When reading in London alongside Fiona Moore last week, I was reminded just how difficult it is to write about grief without seeming maudlin. If Moore’s first full collection, The Distal Point (HappenStance Press, 2018), is perhaps the most successful treatment of this subject since Douglas Dunn’s Elegies, how does she pull it off?
Throughout her collection, Moore is walking on a tightrope, managing to affect her readers while dodging the trap of sentimentality. She does so by employing restraint. In this context, restraint doesn’t imply emotional castration but instead the holding back of waves of feeling so that minuscule overflowing inversely becomes far more powerful than a huge flood.

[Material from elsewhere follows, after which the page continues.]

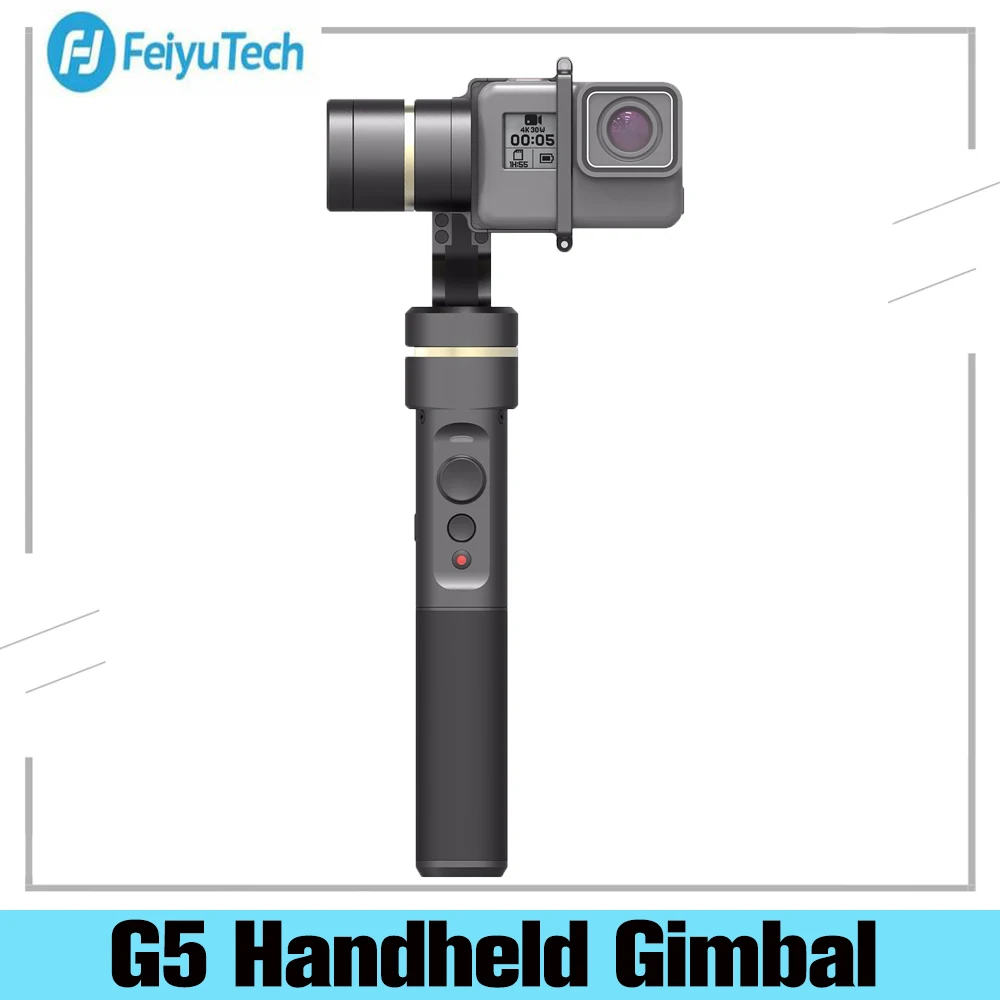 Стабилизатор для экшн камер Feiyu G5 V2 обновленный 3 осевой стабилизатор GoPro Hero 6 5 4 Yi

One such example of her technique is the ending to ’Unknown ’, in which three characters – an imagined child, the absent partner and the first person narrator – are brought together to powerful effect:
“If you’re a ghost that walks
beside me, she is doubly so. But she
grows older with time
whereas you don’t – soon
the gap between you and me will show.”
There’s not a single adjective in this stanza. Adjectives implicitly involve personal interpretation and judgement, so Moore avoids them here. She’s seeking the layering of apparently minor details, playing off the destinies of you and she, separating them via line breaks, building up to the bald reportage of her killer final line. Like all killer final lines, it takes us back to the beginning of the poem and suggests we might start reading all over again.
The Distal Point richly deserves its recent short listing for the T.S. Eliot Prize. Maybe the only surprise is that its delicate impact should receive such recognition. Of course, the biggest personal reward for Fiona Moore is the consequent access to a larger readership. For the wider poetry community, it represents a timely reminder that craft provides us with a gateway to art and must never be underestimated.